### TASK STATEMENT
Only the lines from the one with "Cerchio in lega" onward are wanted, through the last line of the entries, set down exactly.

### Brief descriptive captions
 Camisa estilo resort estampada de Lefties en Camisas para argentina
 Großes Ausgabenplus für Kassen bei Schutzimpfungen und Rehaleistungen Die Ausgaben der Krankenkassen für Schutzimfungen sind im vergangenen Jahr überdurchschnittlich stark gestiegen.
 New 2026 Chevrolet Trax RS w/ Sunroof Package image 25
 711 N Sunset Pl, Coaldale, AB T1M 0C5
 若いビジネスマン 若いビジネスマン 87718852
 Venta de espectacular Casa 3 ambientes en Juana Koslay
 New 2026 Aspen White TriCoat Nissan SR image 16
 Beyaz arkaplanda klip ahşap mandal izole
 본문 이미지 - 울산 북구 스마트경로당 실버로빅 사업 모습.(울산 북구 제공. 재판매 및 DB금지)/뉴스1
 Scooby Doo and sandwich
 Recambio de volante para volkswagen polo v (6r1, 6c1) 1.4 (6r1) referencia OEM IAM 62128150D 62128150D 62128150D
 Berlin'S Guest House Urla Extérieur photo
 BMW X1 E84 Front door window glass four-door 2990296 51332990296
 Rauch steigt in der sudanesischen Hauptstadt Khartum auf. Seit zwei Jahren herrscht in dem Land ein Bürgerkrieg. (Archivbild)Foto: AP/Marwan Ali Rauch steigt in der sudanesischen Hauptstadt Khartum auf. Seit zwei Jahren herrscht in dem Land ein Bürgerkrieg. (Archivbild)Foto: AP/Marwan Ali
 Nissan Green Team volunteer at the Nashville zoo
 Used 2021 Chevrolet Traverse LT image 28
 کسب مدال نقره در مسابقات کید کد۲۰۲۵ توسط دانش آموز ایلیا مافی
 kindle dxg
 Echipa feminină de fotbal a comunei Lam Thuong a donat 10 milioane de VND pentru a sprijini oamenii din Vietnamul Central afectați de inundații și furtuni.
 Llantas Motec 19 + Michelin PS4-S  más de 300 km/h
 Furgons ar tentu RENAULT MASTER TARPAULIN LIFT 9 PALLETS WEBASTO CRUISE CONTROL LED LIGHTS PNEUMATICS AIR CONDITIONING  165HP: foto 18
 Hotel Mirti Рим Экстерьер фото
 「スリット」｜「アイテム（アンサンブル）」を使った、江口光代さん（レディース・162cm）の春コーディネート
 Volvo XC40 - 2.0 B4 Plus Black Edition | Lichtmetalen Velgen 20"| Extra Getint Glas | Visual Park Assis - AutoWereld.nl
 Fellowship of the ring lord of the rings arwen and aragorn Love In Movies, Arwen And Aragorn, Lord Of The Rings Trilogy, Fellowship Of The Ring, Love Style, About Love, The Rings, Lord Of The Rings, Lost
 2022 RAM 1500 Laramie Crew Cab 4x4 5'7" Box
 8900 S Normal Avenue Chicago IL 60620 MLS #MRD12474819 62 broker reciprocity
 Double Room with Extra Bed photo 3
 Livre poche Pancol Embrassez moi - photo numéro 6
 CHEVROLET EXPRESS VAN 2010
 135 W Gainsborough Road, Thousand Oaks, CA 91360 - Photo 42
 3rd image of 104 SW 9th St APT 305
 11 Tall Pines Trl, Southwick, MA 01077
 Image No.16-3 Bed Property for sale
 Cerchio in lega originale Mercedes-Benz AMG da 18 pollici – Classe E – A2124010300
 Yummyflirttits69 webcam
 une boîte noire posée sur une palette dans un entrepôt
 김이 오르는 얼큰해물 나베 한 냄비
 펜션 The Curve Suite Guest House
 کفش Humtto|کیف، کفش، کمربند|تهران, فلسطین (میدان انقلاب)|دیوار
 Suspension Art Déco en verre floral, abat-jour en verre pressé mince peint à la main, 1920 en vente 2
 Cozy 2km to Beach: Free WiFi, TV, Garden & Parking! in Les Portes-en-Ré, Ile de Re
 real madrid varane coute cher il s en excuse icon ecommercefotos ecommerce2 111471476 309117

### PROBLEM SOLUTION
 Cerchio in lega originale Mercedes-Benz AMG da 18 pollici – Classe E – A2124010300
 Yummyflirttits69 webcam
 une boîte noire posée sur une palette dans un entrepôt
 김이 오르는 얼큰해물 나베 한 냄비
 펜션 The Curve Suite Guest House
 کفش Humtto|کیف، کفش، کمربند|تهران, فلسطین (میدان انقلاب)|دیوار
 Suspension Art Déco en verre floral, abat-jour en verre pressé mince peint à la main, 1920 en vente 2
 Cozy 2km to Beach: Free WiFi, TV, Garden & Parking! in Les Portes-en-Ré, Ile de Re
 real madrid varane coute cher il s en excuse icon ecommercefotos ecommerce2 111471476 309117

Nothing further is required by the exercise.